Is it a winmodem? (SuSE 9 is the distro that deals the best with any winmodems)
Have you tried using YaST 2 to have it recognize the "new hardware"? (it should have recognized during installation without problems)
If it has not, then most likely is a winmodem which can not "handle". Try going to www.linmodems.org to see if someone has written a driver for it.
HTH
Regards...

No, definitely not a winmodem - it is a US Robotics Courier internal. I tried YaST to try and detect it.

Are you able to use something like minicom to pass hayes commands directly to the com port? You should be able to just create a symbolic link to /dev/ttyS0 (or whichever com port your modem is set to) called /dev/modem and most programs will use that.
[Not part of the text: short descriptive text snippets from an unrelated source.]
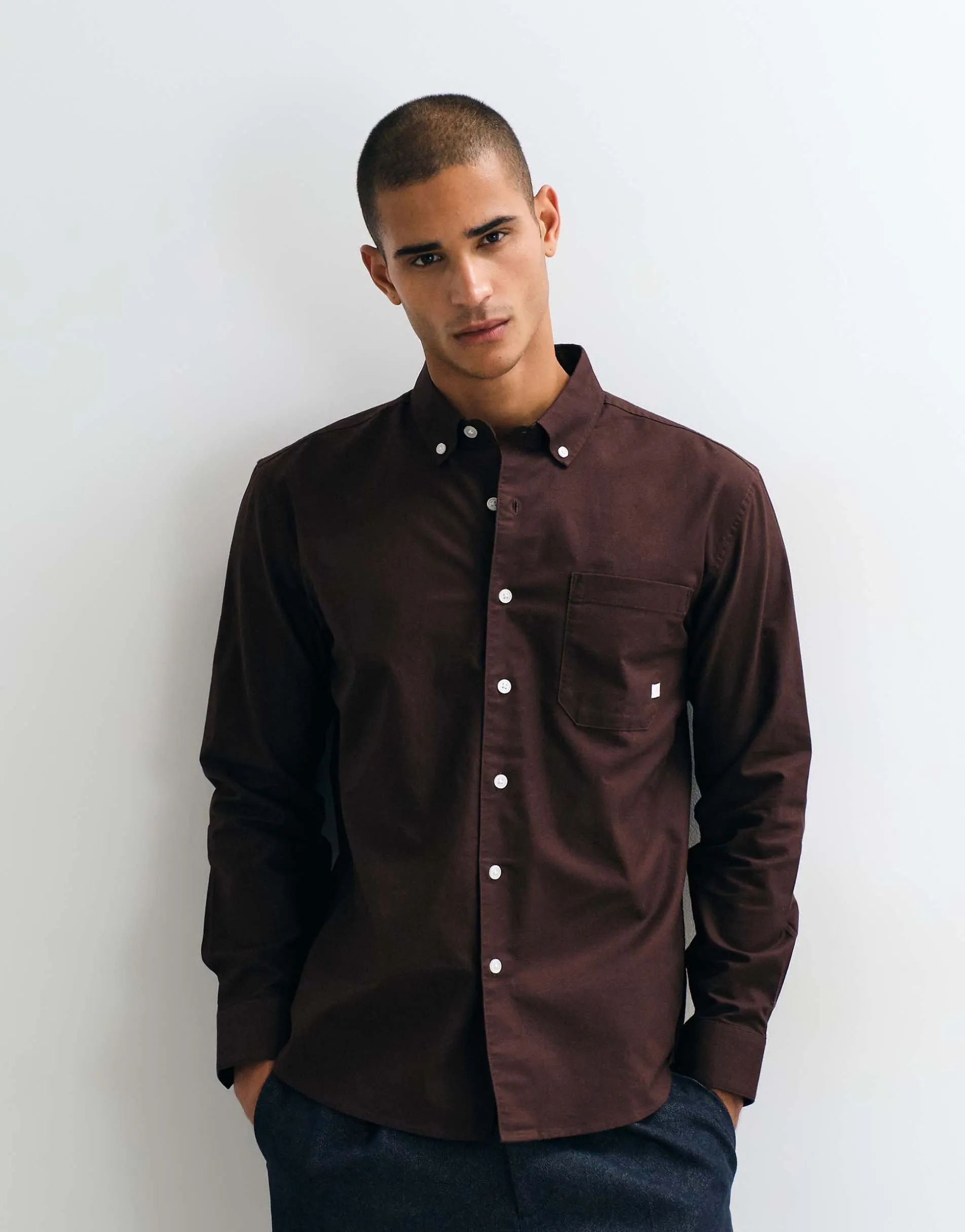 Farah Brewer long sleeve logo shirt in dark brown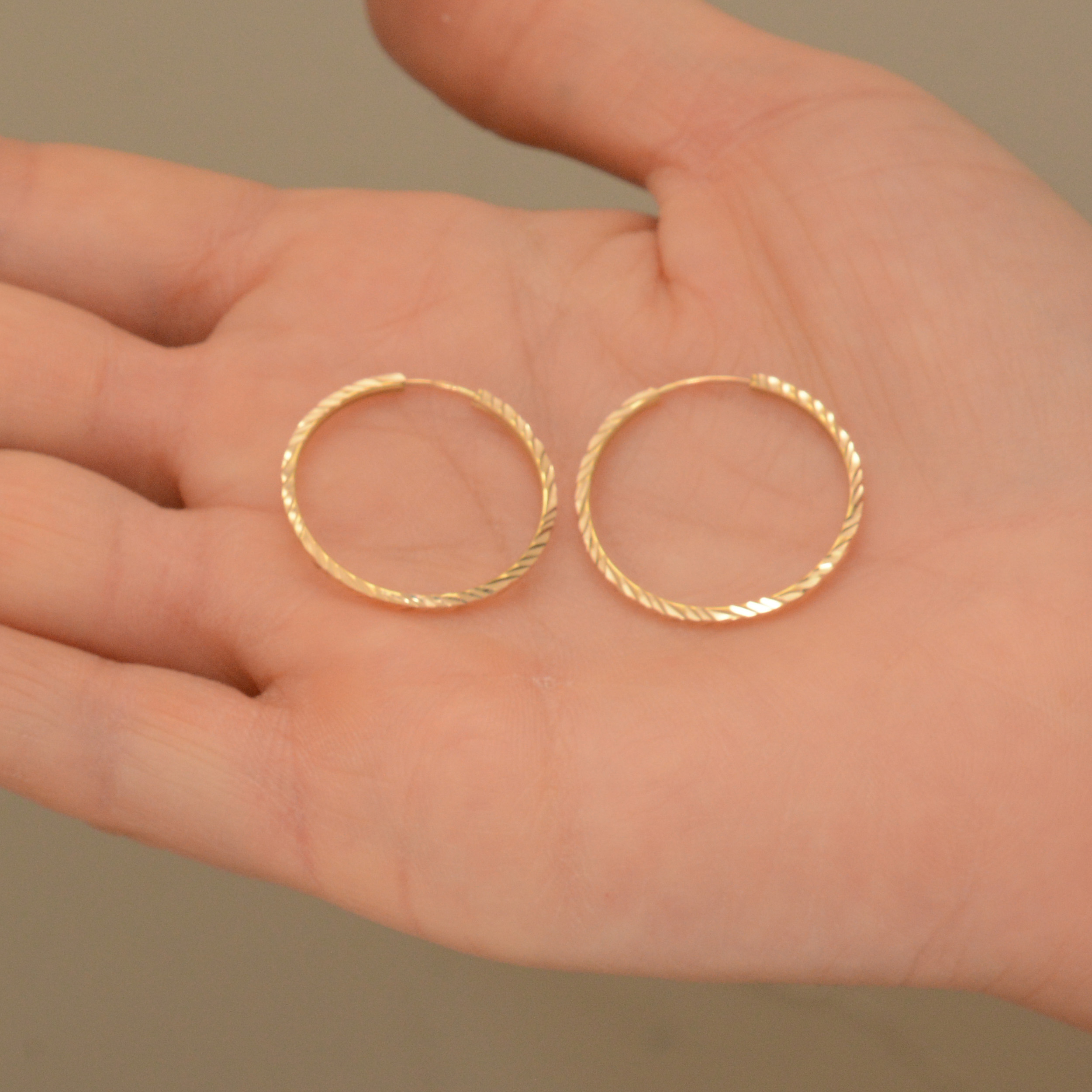 گوشواره طلا 18 عیار زنانه طلای مستجابی مدل حلقه ای تراش کد 10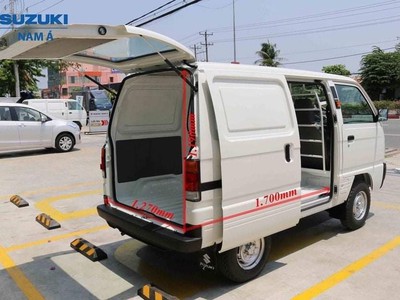 Suzuki Blind Van - Xe chạy được giờ cấm 6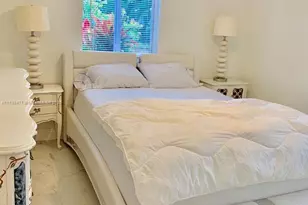 2 NE 45th St, Miami, FL 33137 - Photo 14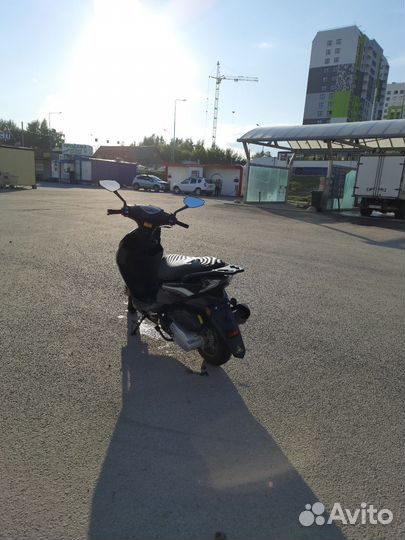 Скутер jogger 125 кубов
Well 3Dave, you've got me there. I do not know what minicom is, what hayes commands are, or what a symbolic link is. I thought I knew a fair bit about computing, but perhaps not. If you could spell it out a little more, I'd be really grateful.
Dave

cd to the /dev dirictory the type
ln -sf /dev/ttyS4 /dev/modem if that doesnt work try ttyS5 or ttyS3 etc.
My PCI Hardware modem is on ttyS4 so I have to create a symlink in order to use it on some distros like knoppix

minicom is a serail communication program, like hyperterminal under windoze. It allows you to directly talk to modems, com ports etc If it is a hardware modem you shouldn't need any drivers as just about all modems understand the standard......
Hayes command set which is used to control them, query them etc. Most of the basic commands begin with AT (short for attention) and you don't even need something like minicom in order to use them as you can just echo the commands by hand, eg:
$ echo "ATZ" > /dev/ttyS0
will reset the modem and should return "OK"
$ echo "ATDT123456" > /dev/ttyS0
will dial 123456You can think a symbolic link (aka "symlink" or "soft link") a bit like a shortcut under windoze....but much more powerful. It can point to a file, a device, itself etc and appears transparent to the user. Com ports under GNU/Linux are referred to as the following:
com1 = /dev/ttyS0
com2 = /dev/ttyS1
com3 = /dev/ttyS2
com4 = /dev/ttyS3Quite a lot of programs will automatically point to /dev/modem which is usually just a sym link to one of the above ports. Let's say that your modem is on com 1, first have a look to see if it already exists:
$ ls -l /dev/modem
If it does you should be able to see where it points to, eg /dev/modem -> /dev/ttyS3. If it is pointing to the wrong port, delete it first.
# rm /dev/modem
Note the prompt above is now a "#" indicating that the command must be run as root.
Then re-create it pointing to the correct device.
# ln -s /dev/ttyS0 /dev/modem
The reason for doing this is that you can configure all your programs to use /dev/modem, and if in the future you change what port your modem is on all you have to do is correct the /dev/modem link and you wont have to reconfigure all your programs.